The matter arose out of a debtor’s Chapter 13 petition listing a secured subprime mortgage note purportedly held by Ameriquest Mortgage Company. Throughout the course of the litigation, Ameriquest and its attorneys repeatedly referred to Ameriquest as the “holder” of the securitized note. In reality, however, the true “holder” of the note was Wells Fargo, the trustee for a trust which held an entire pool of subprime mortgages, including the debtor’s. The loan was originated by Ameriquest but subsequently assigned to the trust, which eventually issued mortgage-backed securities. Pursuant to a pooling and servicing agreement, Ameriquest retained the obligation to service the underlying loans held as collateral for the securities while the loans themselves were held in trust. Despite this, it was Ameriquest that sought to assert creditor’s rights with respect to the mortgage before the bankruptcy court.
The bankruptcy court ordered Rule 9011 sanctions not only against Ameriquest for misrepresenting its creditor status as a “holder” of the mortgage, but also against Wells Fargo for failing to correct the misrepresentation.
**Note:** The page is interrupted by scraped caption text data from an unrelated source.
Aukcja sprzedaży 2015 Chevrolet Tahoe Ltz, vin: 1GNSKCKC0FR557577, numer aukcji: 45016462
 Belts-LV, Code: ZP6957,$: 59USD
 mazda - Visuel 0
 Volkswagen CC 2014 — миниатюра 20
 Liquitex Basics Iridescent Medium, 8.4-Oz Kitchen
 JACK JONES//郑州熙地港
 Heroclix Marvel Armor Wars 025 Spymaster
In doing so, the court flatly rejected the arguments of both Ameriquest and Wells Fargo that “[n]otes and mortgages are bought and sold so frequently that it is difficult to know at any given moment who holds the note and mortgage.” In a harshly worded opinion, the court chastised Wells Fargo for turning a “blind eye” towards Ameriquest’s conduct, stating that if Wells Fargo had “shown even a modicum of oversight or review of Ameriquest’s behavior, it should have been able to correct the misrepresentations.”
For a full copy of the order, please click here.
Wells Fargo has since filed an appeal of the bankruptcy court’s sanctions order.